Creatine (methylguanidine acetic acid) is a naturally occurring molecule derived from amino acids that is primarily stored in skeletal muscle. Creatinine is also found in the liver, pancreas, testes and kidneys, although in much smaller quantities.
Once combined with phosphate to form phosphocreatine or creatine phosphate, it serves as a readily available source of energy. It is typically stored at a concentration of 100-150 mmol/kg dry weight of muscle in both free and phosphorylated forms.
Creatine is also found in food sources of protein, including milk, red meat and some seafoods, but it can also be made synthetically and is commonly sold as dietary supplement. The average intake of creatine from nutritional sources in humans is approximately one gram per day.
People often take oral creatine supplements to increase muscle mass, reduce muscle fatigue and to enhance physical or athletic performance. Studies indicate that creatine can increase performance during short bursts of intense exercise with a short maximal effort such as sprinting or bench pressing. It does not confer any endurance benefit in aerobic exercise.
Some researchers speculate that creatine supplementation may improve mental performance and help to treat heart failure and aging skin.
Creatine supplement - Image Credit: Casimiro PT / Shutterstock
How is creatine made?
Creatinine is mainly synthesized in the liver. The enzyme glycine transaminidase transfers an amidine group from arginine to glycine, to give guanidinoacetic acid. This acid is then methylated by the enzyme guanidinoacetate methyltransferase to form creatine.
The creatine is then carried via in the circulatory system to storage sites, 95% of which are in the skeletal muscle. There, about 60 to 70% of the creatinine is phosphorylated by adenosine triphosphate to form phosphocreatine, which stops the molecule from being transported across the plasma membrane and contains it within the muscle cell. When creatine is ingested via the diet, it is carried from the intestine to the appropriate storage sites.
What does creatine do?
Creatine is used as a basic energy source in muscles, particularly by fast twitch skeletal fibers. The muscles use ATP during exercise and the by-product is adenosine diphosphate (ADP). Creatine helps to replenish ATP, as the phosphorylated form provides an immediate source of high-energy phosphate groups that are picked up by ADP to reform ATP, thereby serving as a buffer that maintains ATP production.
Since phosphocreatine is made through conversion of creatine by ATP in the first place, a shortage of ATP will slow the synthesis of phosphocreatine. During vigorous-intensity exercise, the ATP:ADP dramatically decreases as the high-energy phosphate groups from ATP are used up. This can result in muscle failure during short bursts of intense anaerobic exercise such as strength training. However, creatine phosphorylates ADP and converts it back to ATP. It is therefore crucial for sustaining an ATP:ADP ratio that will delay muscle fatigue and extend the length of time that high-intensity exercise can be carried out.

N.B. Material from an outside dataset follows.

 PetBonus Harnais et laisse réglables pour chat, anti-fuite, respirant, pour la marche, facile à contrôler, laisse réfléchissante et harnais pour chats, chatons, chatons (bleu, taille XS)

Many people who weight train would probably agree that creatine is one of the most popular nutritional supplements that enthusiasts can take. The product is sold in nutrition stores, sports shops and even grocery stores and many manufacturers ensure the product is available in various forms including liquids, powders, and capsules.
Some research into the effect that oral creatine supplementation has on exercise suggests it significantly increases the level of phosphocreatine in fast-twitch glycolytic fibers. Many researchers agree that it increases the amount of work that can be done in trials of short duration, maximum effort exercise.
No standard dosing or duration regimens for oral creatine supplementation have been universally agreed on, but many athletes tend to use them for a few months at a time, separated by a month in-between. The best way to use the supplements is to take them immediately following exercise and in combination with a high-glycemic index drink.
Research into the effects of oral creatine supplementation among children with rare creatine-metabolizing syndromes suggests that children with creatine deficiency may experience some improvement in symptoms.
Currently, there is not yet enough evidence to support the use of creatine supplementation as a treatment for heart failure. Preliminary studies into its impact on skin aging suggest that daily application of a creatine-containing cream for six weeks may reduce skin wrinkling among men. Another study indicated that a cream containing creatine and folic acid may improve sun damaged or wrinkled skin.
People with low creatine levels such as those who follow a vegan or vegetarian diet may also benefit from taking the supplements.
Some research has provided evidence that an increase in the phosphocreatine energy buffer as a result of creatine administration may confer protective effects in neurodegenerative disease. In a mouse model of spinocerebellar ataxia type 3, creatine supplementation recovered motor balance and coordination, as well as restoring brain weight and mitigating astrogliosis (an abnormal increase in astrocyte number).
Possible side effects
Creatine supplements may lead to weight gain, a high level of creatine in the urine and/or blood and kidney dysfunction. Creatine supplements should not be taken by people with a history of kidney dysfunction. Less common side effects include stomach upset, dehydration and muscle cramps.